Christ is in our midst!!

I can't speak to how the Parma priests recite the anaphora. But I will comment on something that I have been doing for the past 36 years in various parishes of which I've been a member--training people in the speech art of proclamation, something that was part of my undergraduate work.

We, Latins, have been putting people in front of a book and asking them to be "lectors" or "readers" or some such thing and that's what we get. It's akin to the time whe we were in the first three grades of primary school and were called on to "read aloud." It's run together; it's poorly articulated; it's read too fast; it's too low to be heard beyond the third pew; sometimes w get someone whose native language is not English and they literally stumble through it and it's like finernails scratching the blackboard; it's a disaster. And yet we continue to do it, murdering the Word of God and doing violence to its power to move souls.

And what can be said for laymen can be said for the clergy. The only difference is that when exposed to some sort of training period the average layman not only comes away a far better proclaimer but also conscious of the vast difference between "mouthing the words" and making the text come alive. The clergy, by and large, may begin to imitate once the laymen suddenly begin to show marked improvement, but won't listen to any layman offering to help him improve his speech skills. After all, they've had seminary training and are above anything that can be brought to them from mere laymen.

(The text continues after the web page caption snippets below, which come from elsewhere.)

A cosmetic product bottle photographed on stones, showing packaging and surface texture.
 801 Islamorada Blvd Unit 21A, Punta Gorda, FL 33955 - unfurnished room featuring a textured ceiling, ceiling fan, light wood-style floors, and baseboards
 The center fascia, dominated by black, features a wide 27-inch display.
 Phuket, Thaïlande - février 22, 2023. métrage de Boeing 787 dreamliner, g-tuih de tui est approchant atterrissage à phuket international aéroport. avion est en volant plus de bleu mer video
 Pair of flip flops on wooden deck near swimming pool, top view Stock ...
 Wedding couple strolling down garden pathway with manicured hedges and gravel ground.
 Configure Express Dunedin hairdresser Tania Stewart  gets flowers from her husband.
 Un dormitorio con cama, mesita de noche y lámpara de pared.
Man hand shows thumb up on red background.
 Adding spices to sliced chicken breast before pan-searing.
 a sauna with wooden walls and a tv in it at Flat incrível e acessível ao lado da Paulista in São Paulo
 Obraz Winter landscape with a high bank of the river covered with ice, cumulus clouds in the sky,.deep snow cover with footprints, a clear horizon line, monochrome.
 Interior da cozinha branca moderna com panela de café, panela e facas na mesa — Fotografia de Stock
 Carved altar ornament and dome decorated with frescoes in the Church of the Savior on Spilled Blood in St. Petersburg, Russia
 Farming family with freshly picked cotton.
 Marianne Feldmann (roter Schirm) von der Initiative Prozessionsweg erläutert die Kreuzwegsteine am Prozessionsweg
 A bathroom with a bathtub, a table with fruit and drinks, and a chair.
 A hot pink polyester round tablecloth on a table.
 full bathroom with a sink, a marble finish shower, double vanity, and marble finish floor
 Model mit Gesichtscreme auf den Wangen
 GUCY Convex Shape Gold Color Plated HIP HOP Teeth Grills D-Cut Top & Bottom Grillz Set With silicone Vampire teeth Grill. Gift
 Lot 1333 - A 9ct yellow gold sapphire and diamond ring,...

The basic approach of being a proclaimer is to bring to life the text, remembering that if one is using a microphone one needs to consciously slow ones delivery by about one third--since a microphone can only reproduce the human voice at about 66%. Then there's enunciation and pronunciation and studying the text to bring the meaning to life.

The anaphora is probably the most intimate prayer I can imagine and done poorly is akin to violent, physical crime IMHO. Here is the priest, in the person of Christ Himself, addressing the Father. As the whole of liturgy itself, IMHO, there is nothing on earth more important to do or utter than the anaphora. And I mean that whether it is taken aloud or silently. This is no mere ritual. It's a beautiful offering of a profund prayer to the Father Creator. Racing through it--wow. You know, I always ask those I train what answer they will give to God on Judgment Day when He asks, "What were you trying to do? What was the hurry? I was trying to use your voice to speak to the people in the back row with poor hearing. They needed to hear what I had to say loud and clear."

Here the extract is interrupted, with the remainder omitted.